The above represents material uncertainties which may cast
significant doubt on the Group's ability to continue as a going
concern. In the Directors' view discussions are continuing on the
above satisfactorily and they have therefore concluded that it is
appropriate to prepare these financial statements on a going
concern basis. The financial statements do not include the
adjustments that would result if the Group was unable to continue
as a going concern..
The condensed financial statements are presented in euros and
all values are rounded to the nearest thousand (EUR'000) except
when otherwise indicated.
The financial information summarised does not constitute
statutory accounts.
b. Basis of consolidation
The consolidated financial statements incorporate the results of
the Company and entities controlled by the Company (its
subsidiaries) made up to 31 March 2012. Control exists where the
Company has the power, directly or indirectly, to govern the
financial and operating policies of an entity so as to obtain
benefits from its activities. All inter-company loan balances,
interest charges and investments are eliminated on
consolidation.
The financial statements of the subsidiaries are prepared for
the same reporting period as the Company. The accounting policies
are applied consistently throughout the Group.
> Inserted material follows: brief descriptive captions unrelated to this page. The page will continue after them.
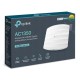 TP-Link EAP225 AC1350 Wireless MU-MIMO Gigabit Ceiling Mount Access Point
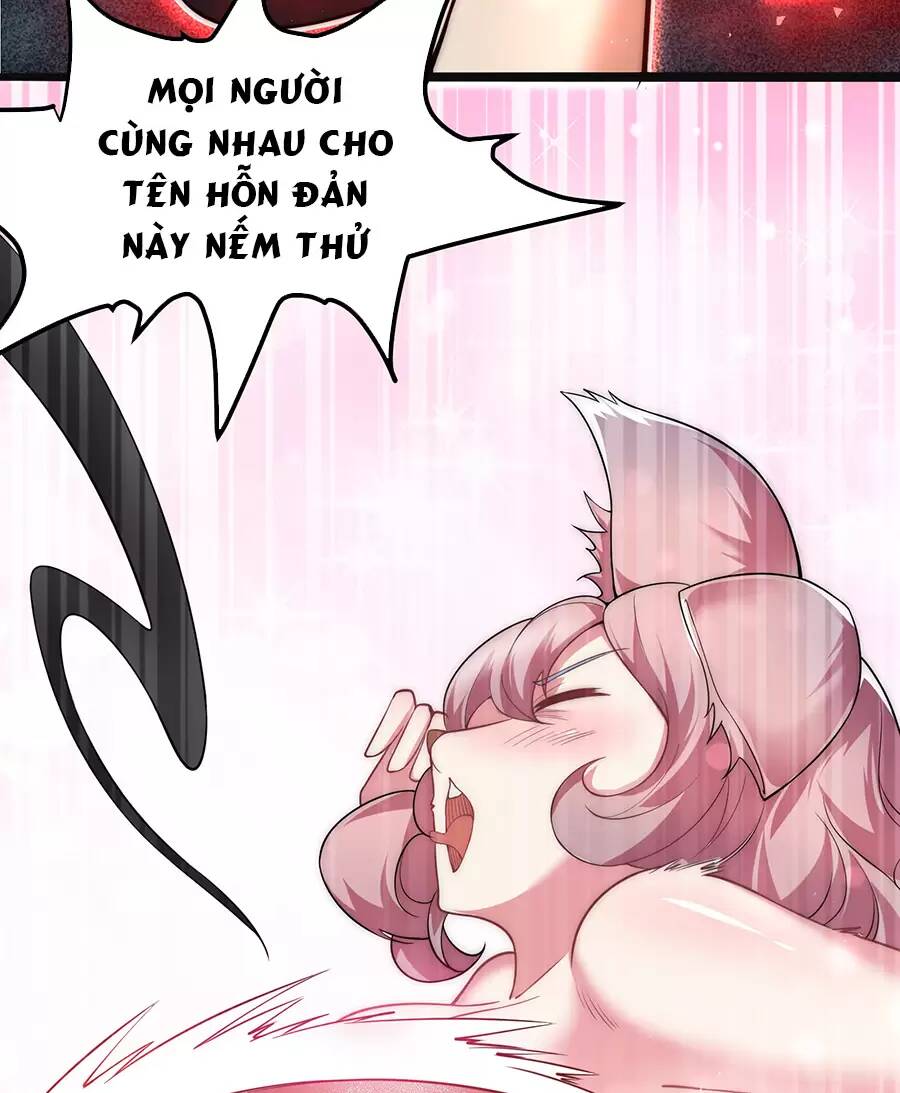 Đồ Long Kỵ Sĩ Hôn Môi Ác Long Chapter 28.2 - Trang 48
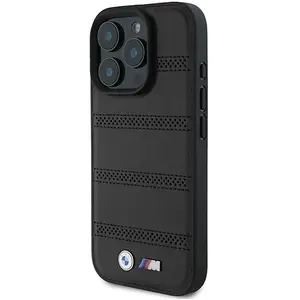 Bmw Coque De Téléphone Bmhmp16l23puspk Iphone 16 Pro 6.3´´ pas cher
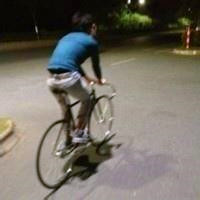 死飞头像男图片
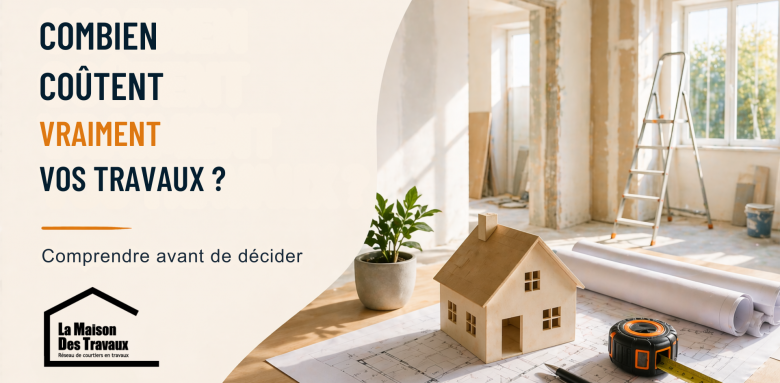 Combien coûtent vraiment vos travaux ? Découvrez comment estimer votre budget rénovation en Lot-et-Garonne et éviter les erreurs avant de vous lancer.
ARGO REAL ESTATE OPPORTUNITIES FUND LIMITED - 31 March 2012
NOTES TO THE UNAUDITED INTERIM CONSOLIDATED FINANCIAL STATEMENTS
(continued)
3. BASIC AND DILUTED EARNINGS PER SHARE
The basic and diluted earnings per ordinary share are based on
the loss for the period of EUR4.1m and on 608 million ordinary
shares (31 March 2011: profit EUR9.8m and 310 million ordinary
shares), being the weighted average number of shares in issue
during the period.
There were no dilutive interests as at 31 March 2012.
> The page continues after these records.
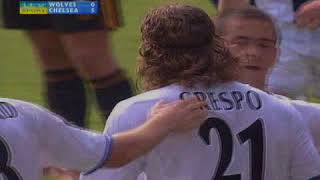 Crespo v Wolves1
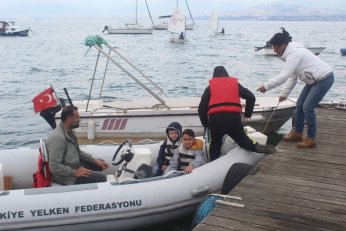 Yılmaz: Derince Belediyesinden eşitlik istiyoruz 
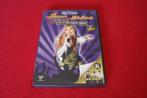 hannah montana and miley cyrus best of both worlds concert, Cd's en Dvd's, Ophalen of Verzenden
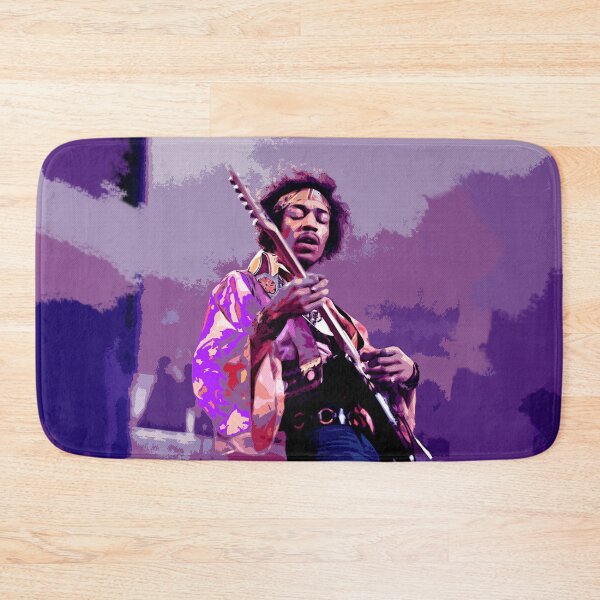 Item preview, JH guitar player - Digital Painting - Pintura Digital - Digitale Zeichnung - Pittura Digitale designed and sold by RazzArt.
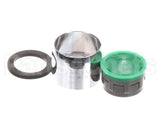 74335 Fisher Aerator 55/64-27F Per 1.50 Gpm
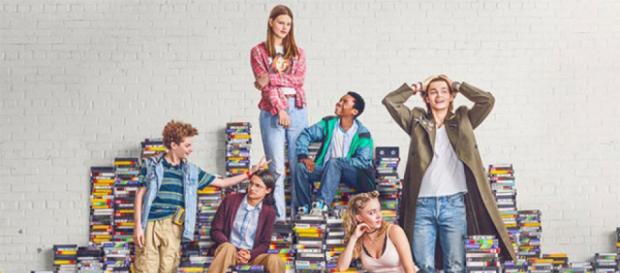 Netflix cancela 'Todo es una mierda' y Amazon 'Mozart in the ... - elespanol.com Netflix cancela 'Todo es una mierda' y Amazon 'Mozart in the ... - elespanol.com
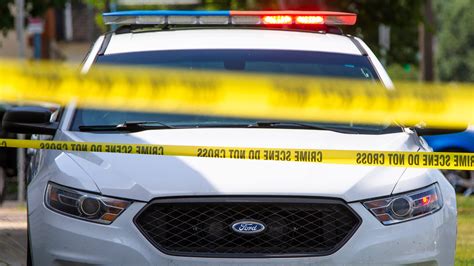 Schedule of Law Enforcement Checkpoints in Tennessee 2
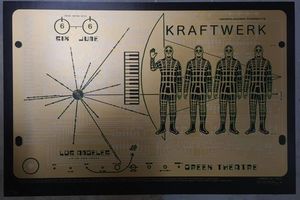 Kraftwerk Los Angeles 2005
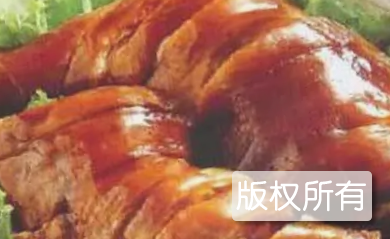 匡庐石鸡腿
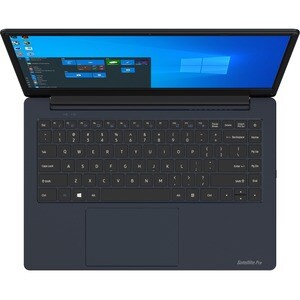 Ordinateur Portable - Dynabook Satellite Pro C40 C40-H-101 - Écran 35,6 cm (14") - Full HD - 1920 x 1080 - Intel Core i5 (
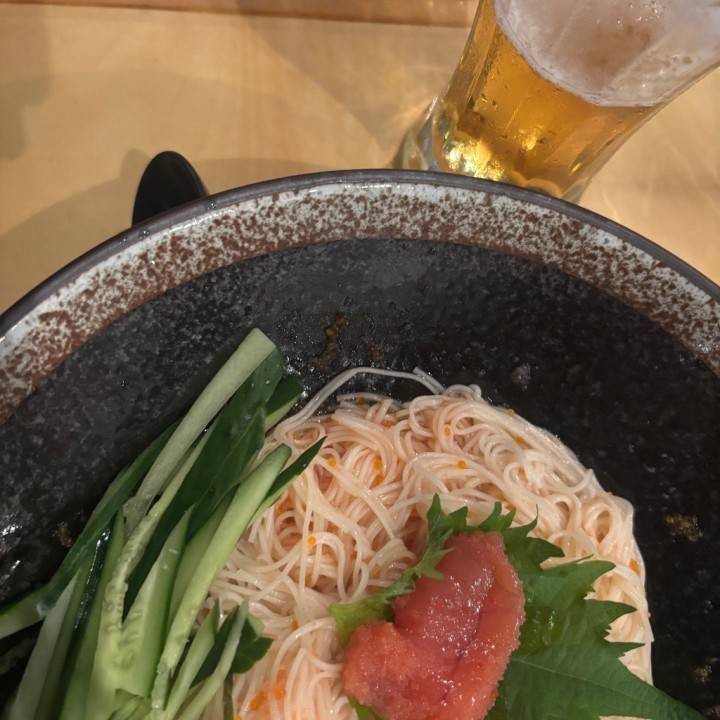 水戸前にエネルギーチャージ??
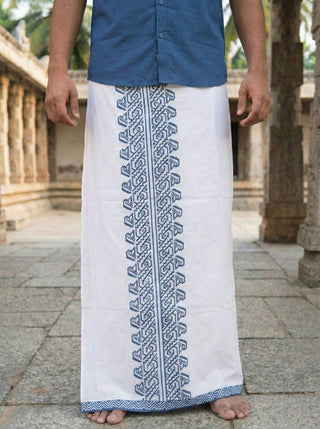 Sanga Dhoti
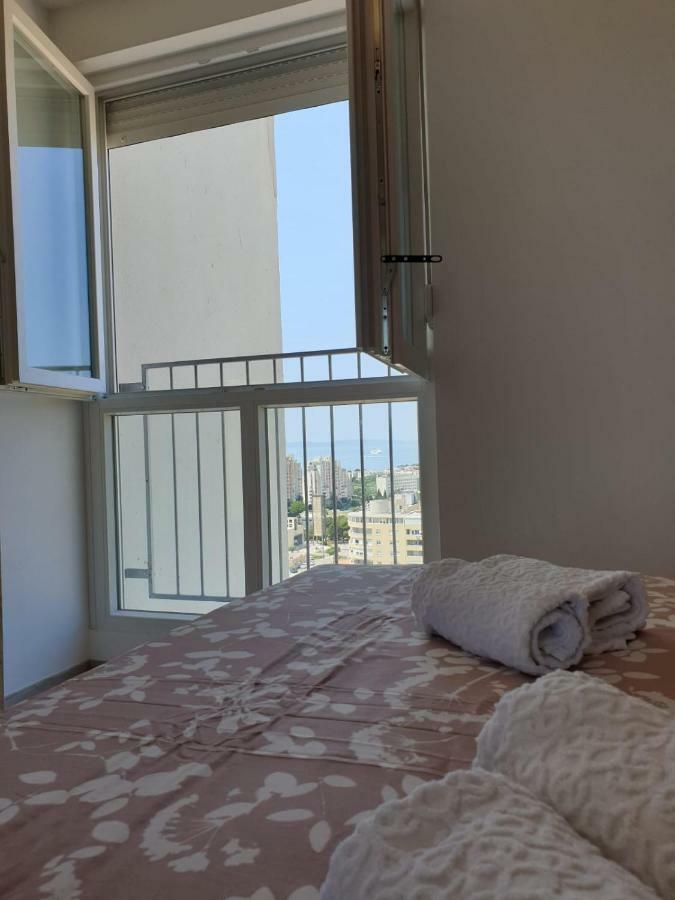 Apartment Ana Split Luaran gambar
4. NET ASSET VALUE PER SHARE
The Net Asset Value per share is based on shareholders' equity
at the period end as follows:
31 March 31 March 30 September
2012 2011 2011
EUR'000 EUR'000 EUR'000
Net Asset Value 61,505 34,734 65,710
Add back deferred tax
provision attributable
to equity shareholders 8,519 2,361 9,729
Adjusted Net Assets 70,024 37,095 75,439
Number of ordinary shares
in issue 608 million 310 million 608 million
Net Asset Value per share EUR0.1012 EUR0.1120 EUR0.1081
================== ================== ==================
Adjusted Net Asset Value
per share EUR0.1152 EUR0.1197 EUR0.1241
================== ================== ==================
The adjustment added back to arrive at the Adjusted Net Asset
Value has been made to reflect the likely value of the Group given
that the deferred tax liability provided is unlikely to crystallise
in full as the Group is likely to dispose of the property holding
companies rather than the properties themselves.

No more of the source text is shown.